According to historical records Gandhara kingdom included the western Punjab and eastern Afghanistan. Its capital was Takshasila the ruins of which are still are present. From various accounts of the Gandharas it can easily be inferred that it appears that the boundaries of country varied at different periods in its history. At one time appears to have included the Afghan District round Kandahar and afterwards it receded to the mountains on the Indian frontier.

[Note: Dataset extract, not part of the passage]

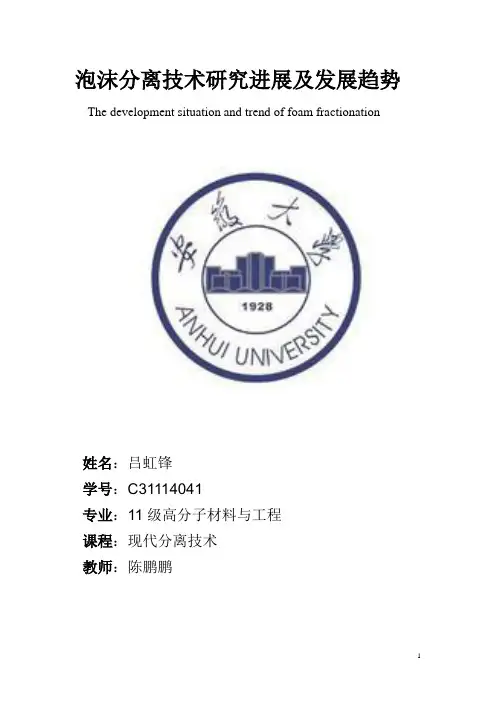 泡沫分离技术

Records say that the Gandhras were not completely out of the Vedic race. The feature of Aryandom was strongly present among them. The Mahabharata contains many legends about Gandhara. In many of the parvas including the Adi parva, Udyoga parva, Drona parva, Ashvameghadik parva there has been ample mention of the Gandharas. Gandharas is also mentioned in the Indian Puranas. According to the Matsya, Vayu and Vishnu Purana a certain Gandhara was born in the family of Dhruyu, one of the sons of Yayati and the kingdom of Gandhara was named after him.
Gandharas had a strong presence in the times of Ashoka. Several rock edicts bear testimony to the fact that Gandharas had a prominent place during the reign of Ashoka. In fact Buddhist philosophy had reached its culmination in the fifth century AD when two famous Gandharas namely Asanga and Vasubandhu had flourished.

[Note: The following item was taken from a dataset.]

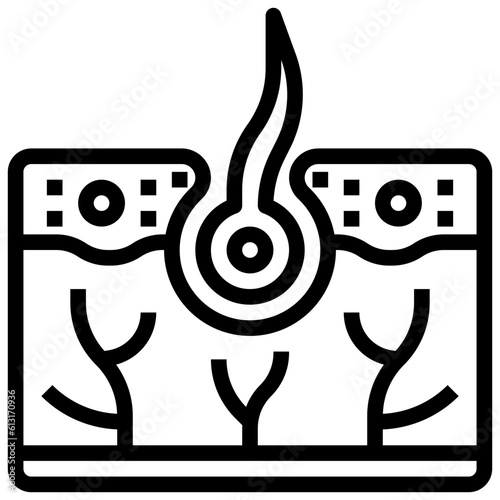 skin line icon,linear,outline,graphic,illustration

Hiuen-Tsang had said that the Gandhara country was rich in cereals, producing a variety of flowers and fruits and there was abundance of sugarcane in the Gandhara country. Most of the Gandhara people were timid and soft. They loved literature and while most of them belong to heretical schools, a few believe in the true law that is Buddhism.

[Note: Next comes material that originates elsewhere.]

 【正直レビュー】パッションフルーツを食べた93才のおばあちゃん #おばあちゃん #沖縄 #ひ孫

The early capital cities of Gandhara were Puskulavati, Puskaravati and Takshasila. Among these the most ancient capital of Gandhara was Puskuravati. Taxila on the other hand was a great seat of learning in ancient India. Various arts and sciences were taught there and pupils from different parts of India used to flock to the city for instructions.
Regarding the trade relations of the Gandhara it can be said that trade relations existed between the Kashmir-Gandhara kingdom and the north-eastern kingdom of Videha. Horse dealers figure prominently amongst the Gandharian traders. Moreover Vayu Purana has mentioned that the Gandhara horses were considered the best of all. Production of valuable blankets and woollen shawls are also associated with the Gandharas and in the latter years it was in Gandhara that the finest double die type of coins were struck. The school of art in the Gandhara era is a celebrated one and has formed a separate genre of art with the name the Gandhara School of Art.